Let’s start with the simplest network:

Rain-Sprinkler-Wet Sidewalk benchmark (20% missing values). Mean imputation accuracy from 5 runs vs data size.

Average fitting time in seconds. Beware log scale!

XGBoost comes out on top, bayesian models do poorly, apparently worse than even most frequent imputer. But variance in scores is quite big and there is not much structure in this dataset anyway, so let’s not lose hope. MAP fmin_powell is particularly bad and terribly slow on top of that, dropping it from further benchmarks.

Let’s try a wider dataset - the cancer network. This one has more structure - that the bayesian network knows up front and xgboost doesn’t - which should give bayesian models an edge.

Cancer network imputation accuracy. 20% missing values

Cancer network imputation time.

That’s more like it! MCMC wins when records are few, but deteriorates when data gets bigger. MCMC models continue to be horribly slow.

And finally, the biggest (27 features!), car insurance network.

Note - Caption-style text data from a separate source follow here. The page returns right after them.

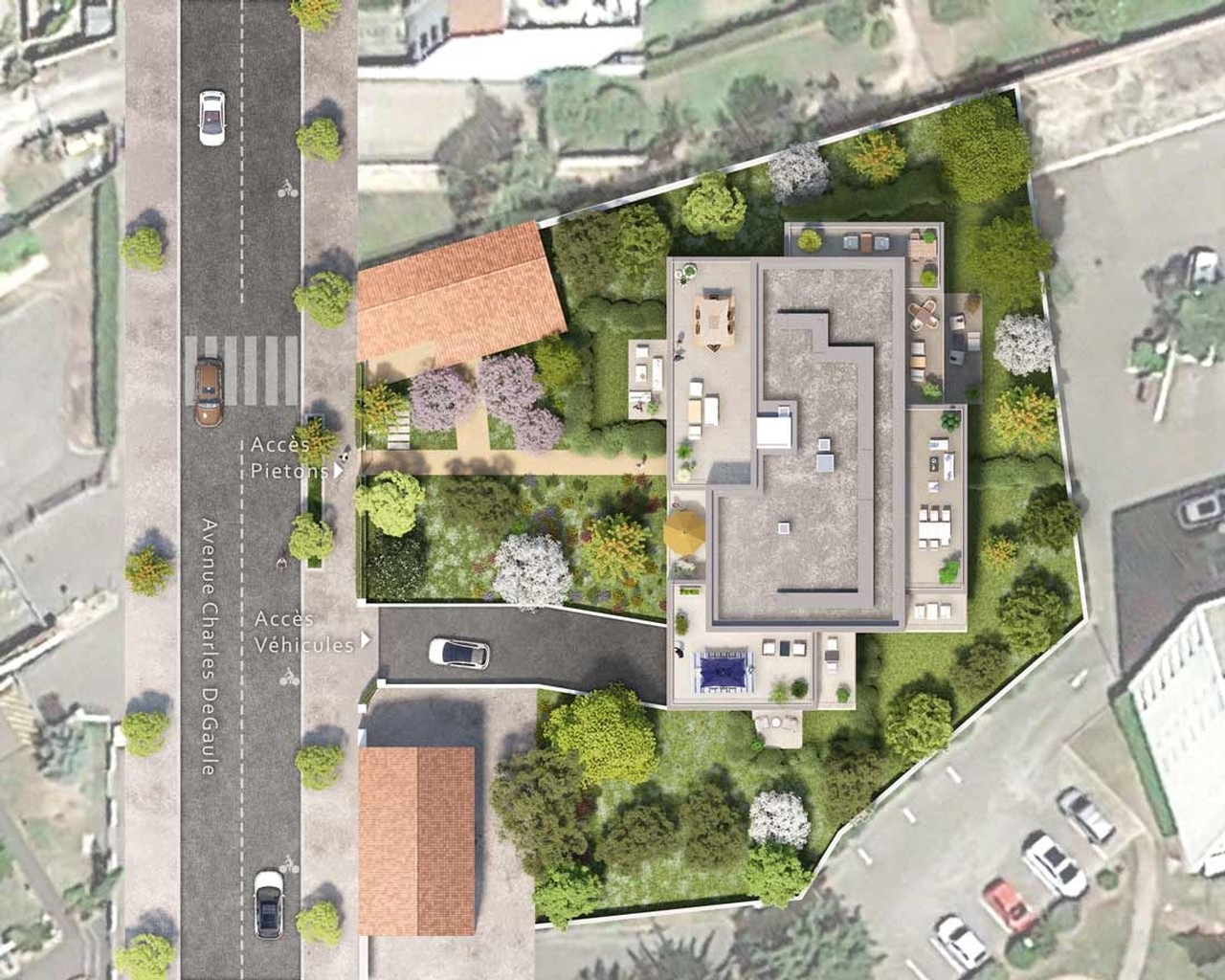 Résidence à Tassin la Demi Lune Proche des commerces Copropriété à taille humaine belle prestations Résidence à Tassin la Demi Lune Proche des commerces, Copropriété à taille humaine, belle prestations,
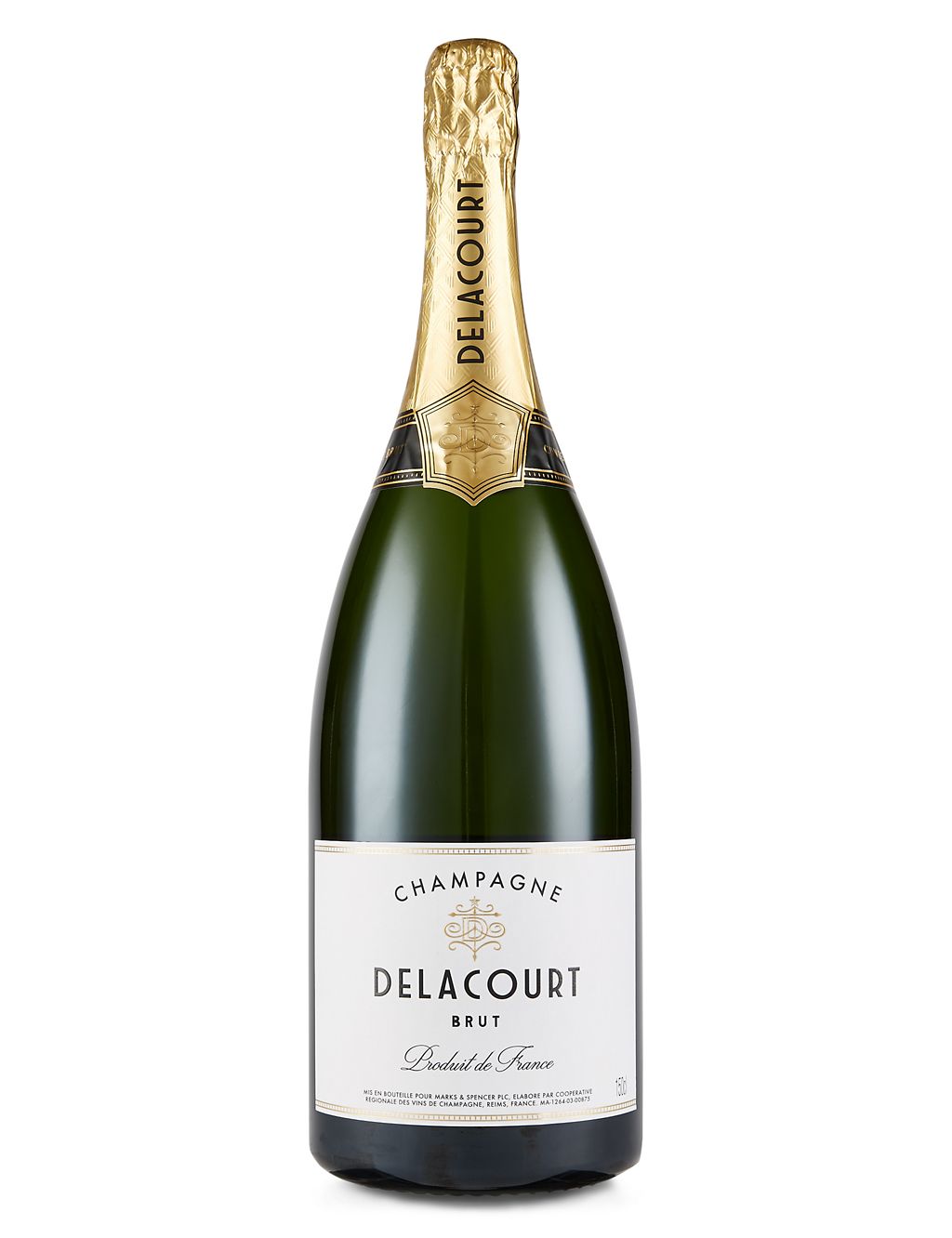 Delacourt Brut Magnum Champagne - Single Bottle 1 of 1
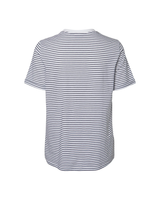 Hvid - Bright White - Pieces - T-shirt - med striber - 17093747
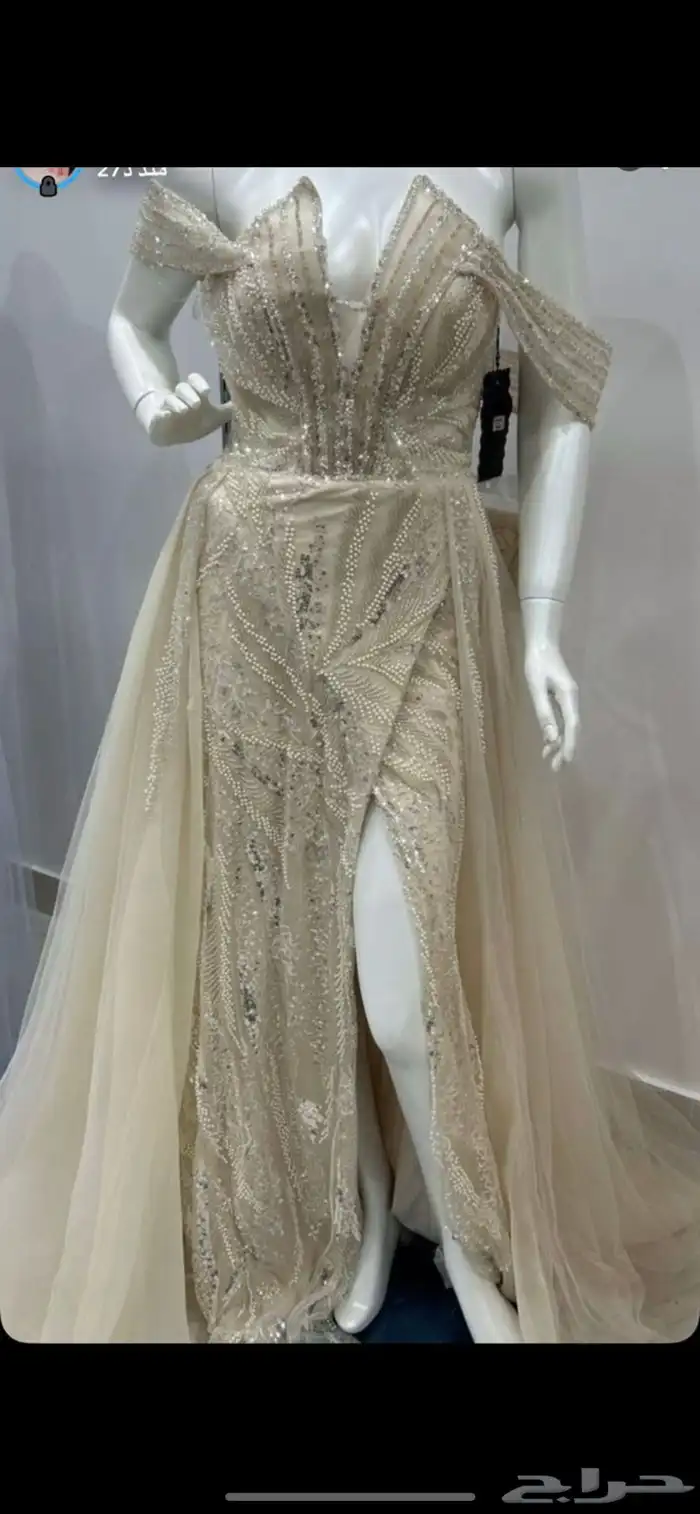 فستان سهرة فخم ب500 0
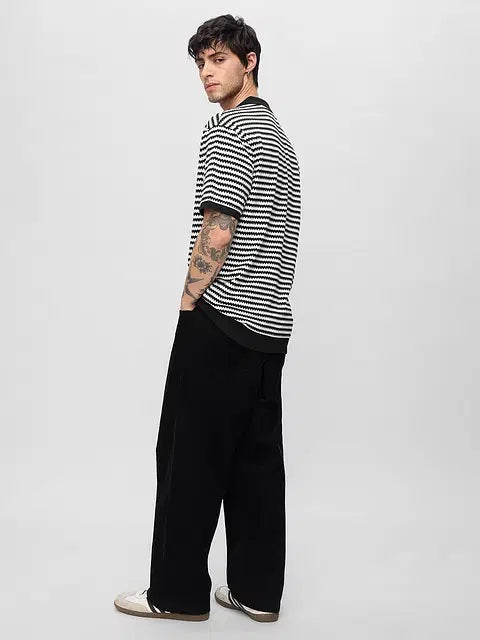 Jacquard Polo Monochrome Oversized Polos tshirt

Car insurance network imputation accuracy. 20% missing values

Car insurance network imputation time.

Qualitatively same as the cancer network case. It’s worth pointing out that in this case, the Bayesian models achieve at 50 records a level of accuracy that XGBoost doesn’t match until shown more than a thousand records! Still super slow though.


What have we learned?

  1. Bayesian models do relatively better when data is wide (more columns). This was expected. Wide data means bigger network, means there is more information implicit in the network structure. This is information that we hardcode into the Bayesian model, information that XGBoost doesn’t have.
  2. Bayesian models do relatively better when data is short (less records). This was also expected, for the same reason. When data is short, the information contained in the network counts for a lot. With more records to train on, this advantage gets less important.
  3. pymc’s MAP does poorly in terms of accuracy and is terribly slow, slower than MCMC. This one is a bit of a mystery.
  4. For MCMC, longer burn-in gets better results, but takes more time. Duh.
  5. MCMC model accuracy deteriorates as data gets bigger. I was surprised when I saw it, but it hindsight it’s clear that it would be the case. Bigger data means more missing values, means higher dimensionality of the space MCMC has to explore, means it would take more iterations for MCMC to reach a high likelihood configuration. This could be alleviated if we first learned the most likely values of the parameters of the network and then used those to impute the missing values one record at a time.
  6. XGBoost rocks.

Overall, I count this experiment as a successful proof of concept, but of very limited usefulness in its current form. For any real world application one would have to redo it using some other technology. pymc is just not up to the task.